Your assignment. Work through the records below and copy every line that includes "video".

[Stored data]
:::::
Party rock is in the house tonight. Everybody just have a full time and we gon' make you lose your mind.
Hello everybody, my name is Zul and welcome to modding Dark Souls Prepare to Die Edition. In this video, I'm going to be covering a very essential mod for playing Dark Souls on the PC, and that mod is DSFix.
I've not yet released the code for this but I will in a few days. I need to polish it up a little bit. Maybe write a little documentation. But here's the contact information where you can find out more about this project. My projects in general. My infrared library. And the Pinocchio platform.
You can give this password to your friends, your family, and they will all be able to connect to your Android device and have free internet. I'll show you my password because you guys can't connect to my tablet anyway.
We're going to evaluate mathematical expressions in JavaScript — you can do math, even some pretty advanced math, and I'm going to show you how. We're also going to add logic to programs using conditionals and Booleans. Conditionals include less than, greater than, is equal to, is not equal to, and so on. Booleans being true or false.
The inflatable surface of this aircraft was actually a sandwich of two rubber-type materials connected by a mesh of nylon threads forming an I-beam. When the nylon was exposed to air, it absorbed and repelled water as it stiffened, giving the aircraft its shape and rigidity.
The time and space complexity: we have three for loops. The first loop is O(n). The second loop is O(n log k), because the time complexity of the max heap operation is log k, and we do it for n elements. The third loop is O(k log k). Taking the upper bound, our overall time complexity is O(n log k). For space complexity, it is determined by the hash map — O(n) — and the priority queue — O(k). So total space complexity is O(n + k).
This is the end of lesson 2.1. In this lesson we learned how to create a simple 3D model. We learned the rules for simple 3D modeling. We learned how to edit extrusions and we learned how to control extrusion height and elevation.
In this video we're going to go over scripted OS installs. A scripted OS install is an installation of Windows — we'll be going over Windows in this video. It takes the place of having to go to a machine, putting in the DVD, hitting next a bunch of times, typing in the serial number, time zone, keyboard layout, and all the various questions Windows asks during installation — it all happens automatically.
:::::
Reply.
Hello everybody, my name is Zul and welcome to modding Dark Souls Prepare to Die Edition. In this video, I'm going to be covering a very essential mod for playing Dark Souls on the PC, and that mod is DSFix.
In this video we're going to go over scripted OS installs. A scripted OS install is an installation of Windows — we'll be going over Windows in this video. It takes the place of having to go to a machine, putting in the DVD, hitting next a bunch of times, typing in the serial number, time zone, keyboard layout, and all the various questions Windows asks during installation — it all happens automatically.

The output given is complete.